Boot XOOM into Recovery, Fastboot, or RSD mode

So you need to get into Recovery to backup your XOOM (you do nandroid don't you?). Or perhaps you were working on creating new levels of awesome and something happend and you find yourself staring at the Motorola Dual Core boot screen with your XOOM refusing to boot any further. Fear not, you are only a few clicks away from finding your way back into recovery or fastboot goodness.


Turn your XOOM off
Press Power to turn your XOOM back on
When the Motorola Dual Core boot screen appears tap Volume Down repeatedly until "Android Recovery" is displayed
Press Volume Up to enter Recovery

You can also choose from Fastboot protocol support and RSD mode by using the same method but instead selecting their respective menu prompts.

Note:
If your XOOM is caught in bootloops or you find yourself stuck in RSD mode or Fastboot Protocol support you can hardware reboot your XOOM by pressing and holding Volume Up + Power until the tablet reboots (usually a few seconds but could be longer).


----------



## Droid-Xer (Jun 7, 2011)

Normally just wait 3-5 seconds after the dual core screen and then press down for recovery.
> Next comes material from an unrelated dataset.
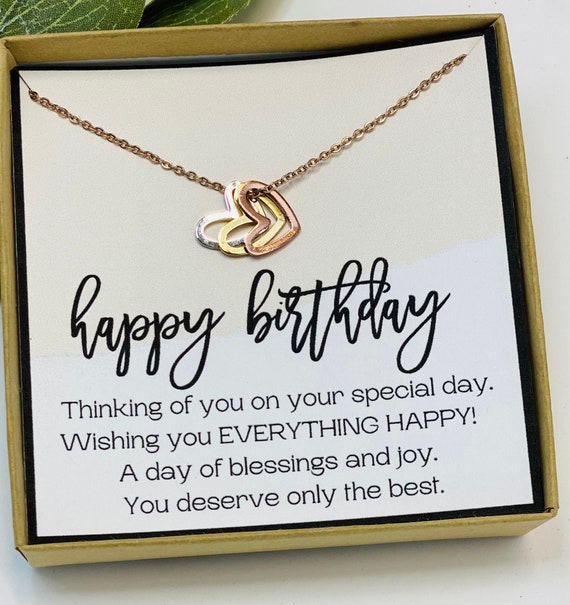 Regalo de cumpleaños para mejor amiga, regalos de cumpleaños para ella,  cumpleaños de amiga, collar de cumpleaños, collar de amistad, enviar a un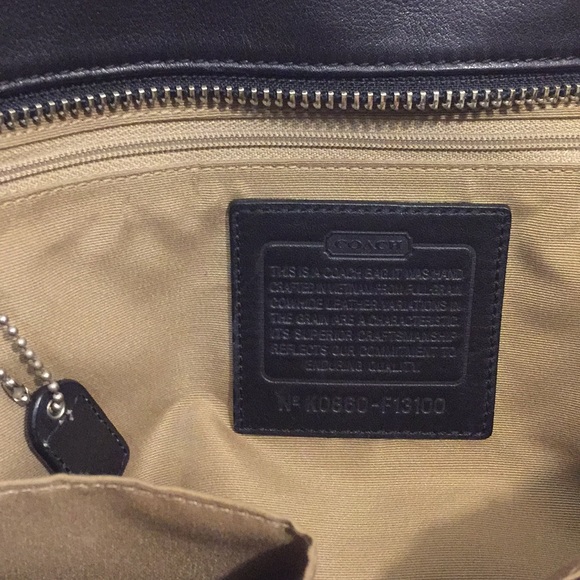 Coach Leather Bag Solid Black Good Used Condition - Picture 5 of 7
And then you might need to hard reboot using the power and volume+. I know this guide will save some people from panicking.


----------



## jawonder (Jun 8, 2011)

Didn't remember how to do this.


----------



## theMichael (Aug 26, 2011)

Just tried to flash a new rom and when I went to reboot it hung at the dual core logo, tried this and I only have options for fastboot rsd and nvflash. Please help!

Sent from my ADR6400L using RootzWiki


----------